All posts by John Casey

Blogger

Argue for it

Every now and then we point out why we tend to pick on conservatives (which we do). There are lots of reasons. The main reason is not that we’re liberal (which we are); it’s not that we think any particular liberal argument is advanced by pointing out the weaknesses in corresponding conservative arguments (they’re not–but then again the liberal arguments may not fail for the sophistical refutations brought forward by conservatives, that’s different); nor is it that we think that finding fault with conservative arguments and arguers in general advances the cause of liberalism in general.

Rather, the primary reason is that conservative pundits have a marked tendency to state their views in the form of arguments. That is to say, they’ll give a series of reasons for embracing some conclusion or another. Since we like arguments, we like reading them and thinking about them, we find this approach appealing (even if we find it often lacking).

On the liberal side (i.e., among major newspaper pundits–the blogosphere is another matter entirely), on the other hand, you don’t often see the kind of energetic arguing typical of George Will or Charles Krauthammer. This is not an indictment of liberal pundits either. There are lots of ways of stating one’s case. Stating in the form of a persuasive argument is just one. We wish they did it more. But that’s a different matter.

Take E.J.Dionne’s op-ed today as an example of the difference between liberal and conservative pundits. Dionne writes about Ted Strickland, Governor of Ohio. In discussing Strickland’s success (in an otherwise red state), Dionne points out that his positions resonate with the people:

>Strickland’s political skill only partly explains Ohio’s political transformation. A state that voted narrowly for President Bush in 2000 and 2004 not only elected Strickland as governor in 2006 but also sent Sherrod Brown, an economic populist with a far-more liberal public profile, to the U.S. Senate.

>The conversion rate among Ohio voters in just two years was staggering. According to exit polling, 30 percent of Ohioans who voted for Bush in 2004 voted for Strickland in 2006; 20 percent of Bush’s 2004 voters supported Brown.

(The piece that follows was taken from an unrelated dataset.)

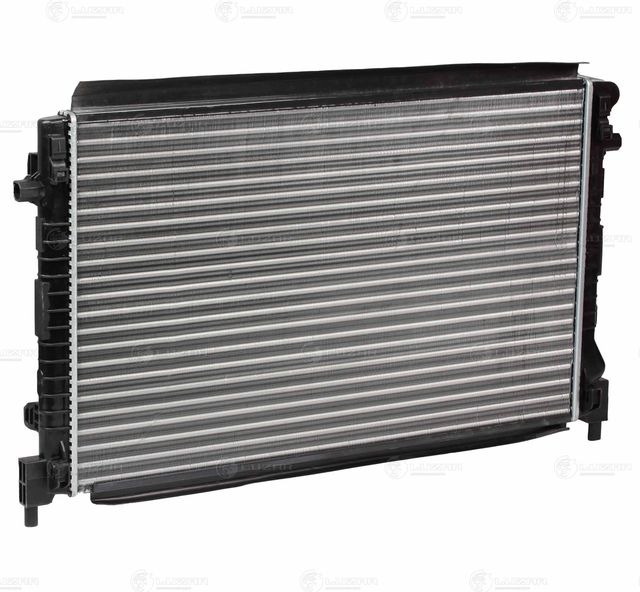 Радиатор охлаждения двигателя Luzar для Skoda Octavia A7 2014-2019. Артикул LRc 1851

>Why the big change? Scandals involving former governor Robert Taft and former representative Bob Ney made even loyal Republicans squeamish. Strickland won a fifth of self-identified Republicans and a quarter of conservatives, while holding on to more than 90 percent of liberals and Democrats, and roughly 70 percent of moderates and independents. If national Democrats reached such numbers in 2008, they’d win the presidency decisively.

>The new economy has hit Ohio hard. Industrial cities such as Youngstown and Cleveland have suffered under the lash of globalization. Brown’s tough stand against free trade appealed in a place where the loss of well-paying blue-collar jobs makes the promise of a flat, highly competitive world fall very flat indeed.

>What might Democratic presidential candidates learn from Ohio? As a matter of style, Strickland suggests they must understand that “people are desperately wanting to believe that political leaders understand them and that they are trying to deal with their day-to-day lives.” Memo to overly cautious candidates: Strickland also thinks that “the display of genuine emotion is important.”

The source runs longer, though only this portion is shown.